Q: What is your dream comic project?
A: Whenever I read a really good fantasy novel I always imagine I’d make an excellent comic. So, if ever JK Rowling or Patrick Rothfuss suddenly, oddly wanted a New Zealand comic version of their works I’d be keen. Basically I’d love to explore a fantasy world, or just do a good adaptation of Hamlet.

Q: What are you excited to share with ComicFest attendees? Just a taster!
A: I’m keen to have a big ol’ chat about what everyone’s favourite comics are. But also excited to talk visual storytelling across media, and I always have a few Shakespeare facts up my sleeve.

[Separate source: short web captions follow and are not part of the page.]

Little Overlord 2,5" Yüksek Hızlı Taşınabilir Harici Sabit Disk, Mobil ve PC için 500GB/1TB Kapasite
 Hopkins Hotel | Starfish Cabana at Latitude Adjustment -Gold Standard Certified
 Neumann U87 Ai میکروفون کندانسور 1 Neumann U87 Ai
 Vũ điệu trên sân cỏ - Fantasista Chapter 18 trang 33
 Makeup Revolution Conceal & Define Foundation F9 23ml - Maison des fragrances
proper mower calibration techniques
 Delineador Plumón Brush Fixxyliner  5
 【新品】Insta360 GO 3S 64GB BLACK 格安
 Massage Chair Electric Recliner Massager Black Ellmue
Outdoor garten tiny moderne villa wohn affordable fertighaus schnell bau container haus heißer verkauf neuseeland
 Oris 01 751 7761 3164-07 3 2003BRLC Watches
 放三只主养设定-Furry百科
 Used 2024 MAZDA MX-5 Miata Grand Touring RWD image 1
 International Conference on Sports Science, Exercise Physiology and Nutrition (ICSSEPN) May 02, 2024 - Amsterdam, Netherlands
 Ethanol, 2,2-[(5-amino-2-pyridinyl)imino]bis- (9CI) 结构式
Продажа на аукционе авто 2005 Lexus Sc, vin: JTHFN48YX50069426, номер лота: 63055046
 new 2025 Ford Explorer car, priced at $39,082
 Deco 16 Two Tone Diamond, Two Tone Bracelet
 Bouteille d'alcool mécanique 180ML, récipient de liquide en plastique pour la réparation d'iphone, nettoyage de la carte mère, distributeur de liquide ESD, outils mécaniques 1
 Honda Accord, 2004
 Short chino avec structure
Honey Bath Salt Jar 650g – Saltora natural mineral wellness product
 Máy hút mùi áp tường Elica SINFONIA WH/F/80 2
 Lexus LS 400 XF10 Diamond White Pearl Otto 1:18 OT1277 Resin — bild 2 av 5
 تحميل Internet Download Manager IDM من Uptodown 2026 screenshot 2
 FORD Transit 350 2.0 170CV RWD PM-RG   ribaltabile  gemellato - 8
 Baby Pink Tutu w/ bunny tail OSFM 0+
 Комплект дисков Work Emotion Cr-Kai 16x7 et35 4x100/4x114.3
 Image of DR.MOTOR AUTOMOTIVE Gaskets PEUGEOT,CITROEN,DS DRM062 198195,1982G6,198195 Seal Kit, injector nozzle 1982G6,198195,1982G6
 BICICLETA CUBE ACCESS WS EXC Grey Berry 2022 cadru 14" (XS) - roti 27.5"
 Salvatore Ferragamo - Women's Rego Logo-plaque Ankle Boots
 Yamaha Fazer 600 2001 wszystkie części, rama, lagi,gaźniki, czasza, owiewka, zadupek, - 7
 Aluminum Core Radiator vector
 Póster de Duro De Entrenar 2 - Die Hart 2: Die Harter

Q: If you were to enter our cosplay contest, who/what would you dress up as?
A: Comic book character would be Black Jack by Tezuka. Or Kvothe from The Name of the Wind.

You can find Sally’s work online in a number of places!
Online comics: quietly-exploding.tumblr.com
Online webseries: The Candle Wasters on Youtube
Hamlet webseries/webcomic pilot: on YouTube!

5 minutes with Giselle Clarkson – Comicfest feature

ComicFest is back for 2017! On Saturday May 6th at the Central Library there will be panels and workshops all day long for comic-lovers of all ages. You can also pick up a free comic from us on the day and celebrate Free Comic Book Day, courtesy of GRAPHIC! Head over to the ComicFest Facebook event for all the details, and to receive event updates.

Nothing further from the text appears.